Work item
Find the line containing "Greg Maddux 2023", then print it and each following line through the end of the records, exactly and with nothing added; leave out any pictures.

(Stored records)
━━━━━━━━

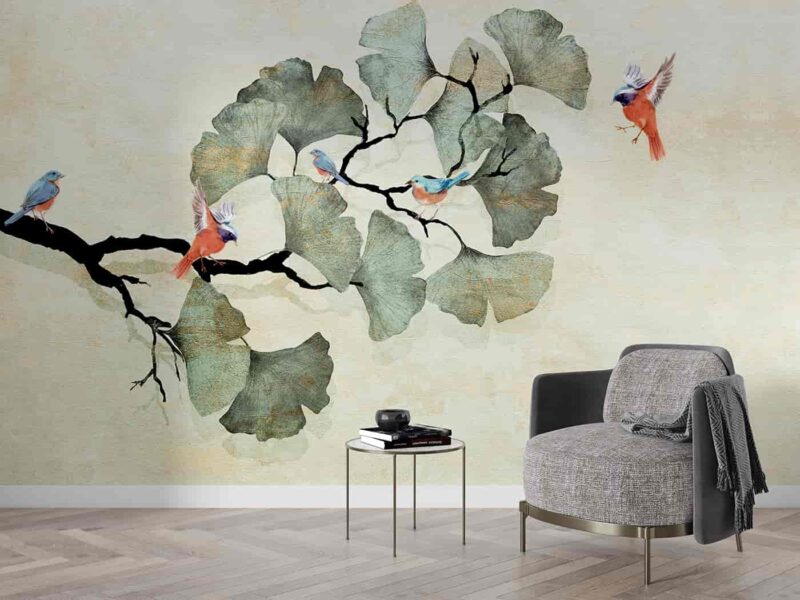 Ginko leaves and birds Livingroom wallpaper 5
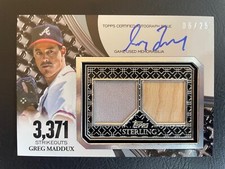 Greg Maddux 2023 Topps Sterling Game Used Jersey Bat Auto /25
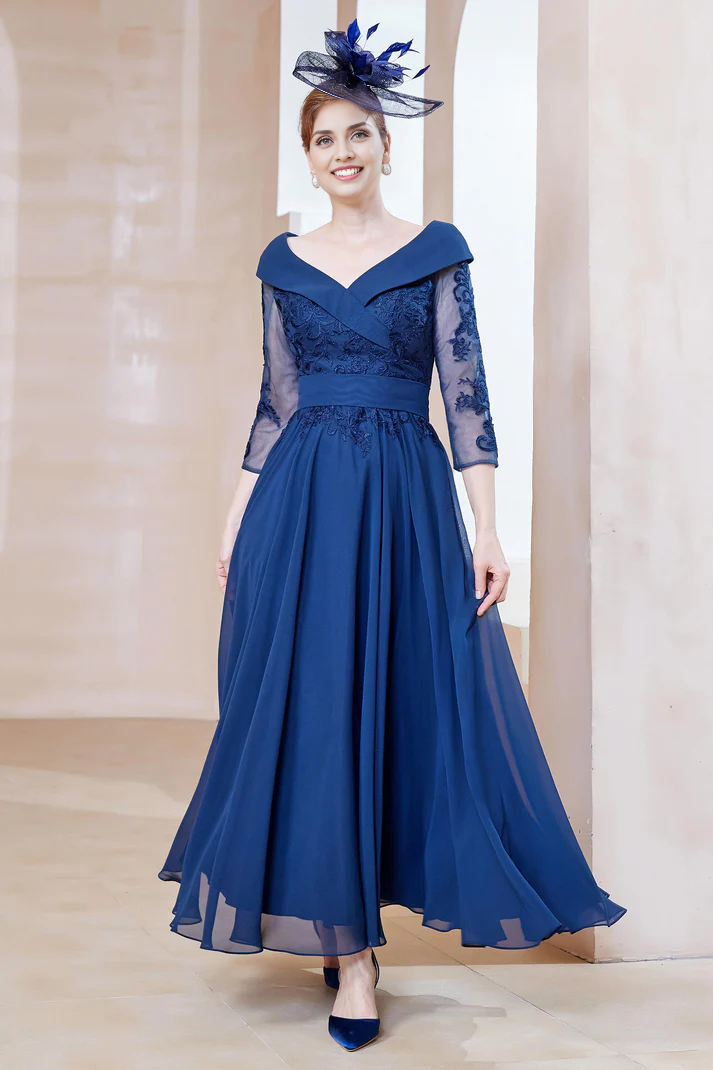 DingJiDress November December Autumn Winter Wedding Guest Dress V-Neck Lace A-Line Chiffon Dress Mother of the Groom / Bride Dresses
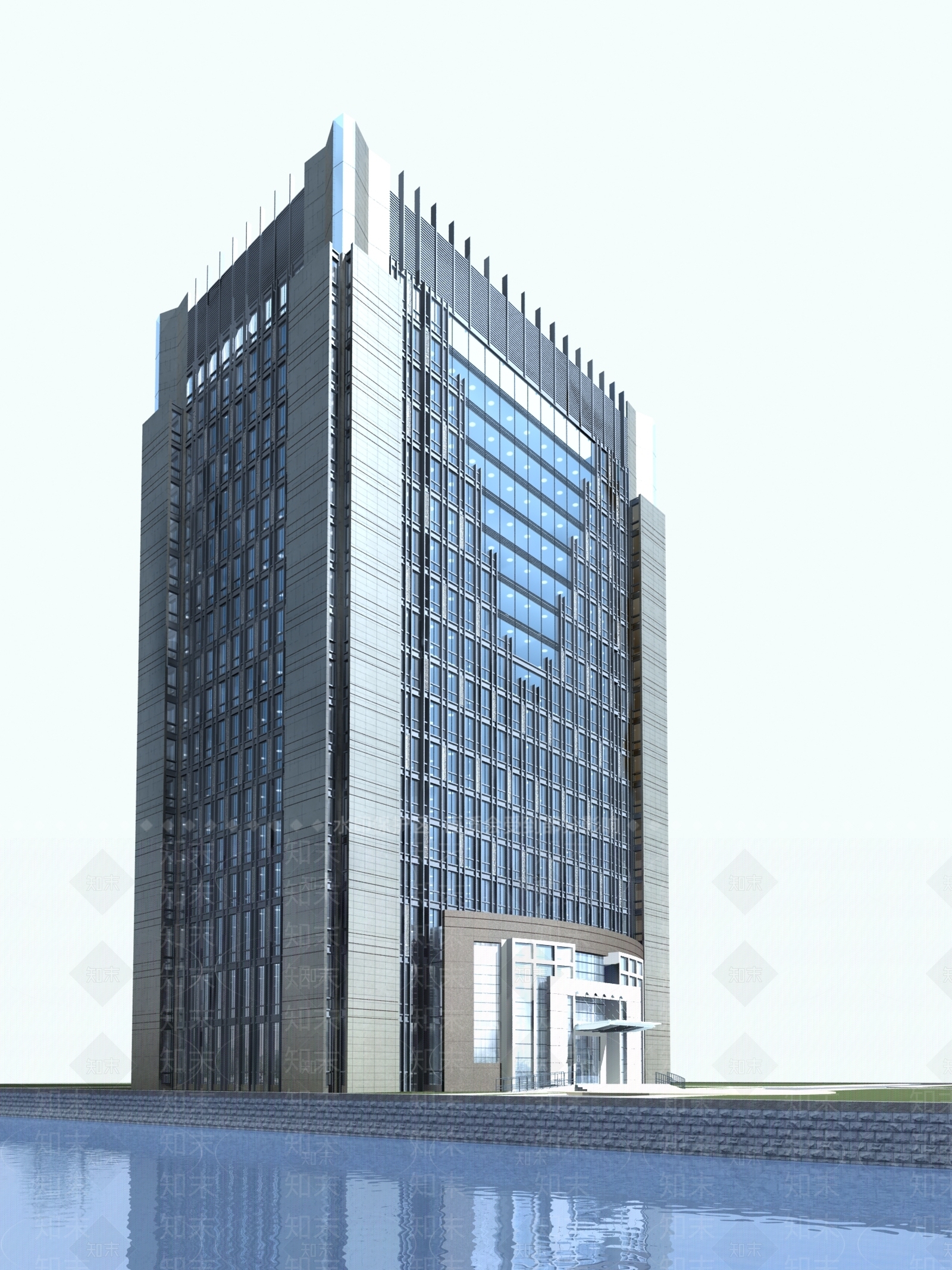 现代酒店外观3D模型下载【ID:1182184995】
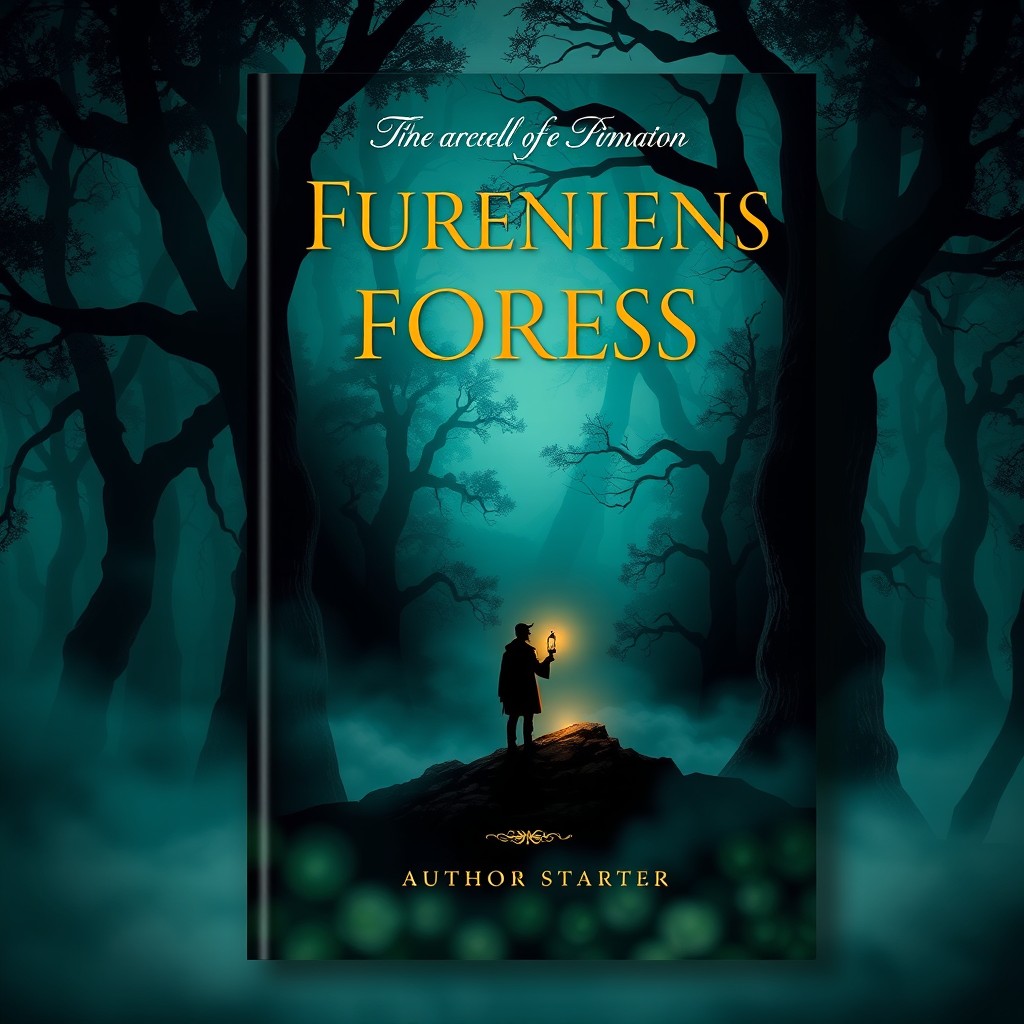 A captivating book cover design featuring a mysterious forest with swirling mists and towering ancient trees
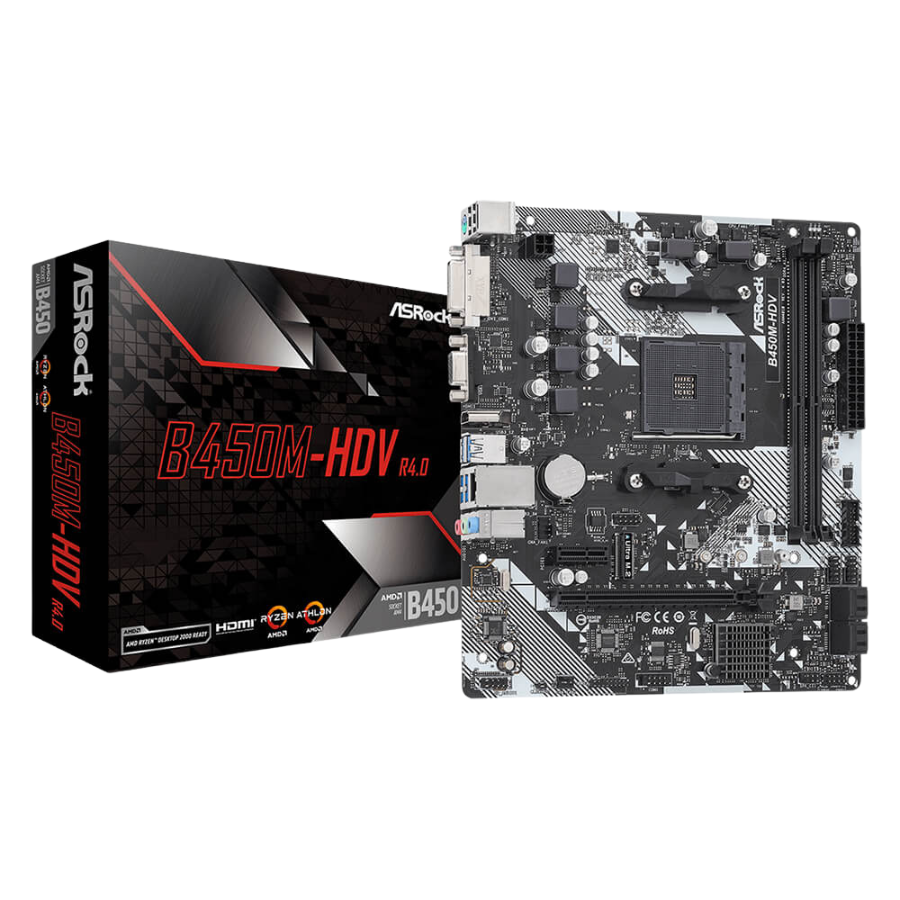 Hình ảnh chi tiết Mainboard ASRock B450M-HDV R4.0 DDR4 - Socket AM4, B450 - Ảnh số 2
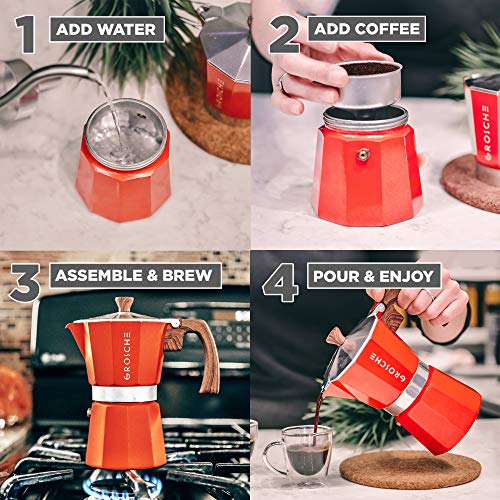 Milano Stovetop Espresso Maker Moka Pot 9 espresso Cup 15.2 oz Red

━━━━━━━━

Answer to the problem
 Greg Maddux 2023 Topps Sterling Game Used Jersey Bat Auto /25
 DingJiDress November December Autumn Winter Wedding Guest Dress V-Neck Lace A-Line Chiffon Dress Mother of the Groom / Bride Dresses
 现代酒店外观3D模型下载【ID:1182184995】
 A captivating book cover design featuring a mysterious forest with swirling mists and towering ancient trees
 Hình ảnh chi tiết Mainboard ASRock B450M-HDV R4.0 DDR4 - Socket AM4, B450 - Ảnh số 2
 Milano Stovetop Espresso Maker Moka Pot 9 espresso Cup 15.2 oz Red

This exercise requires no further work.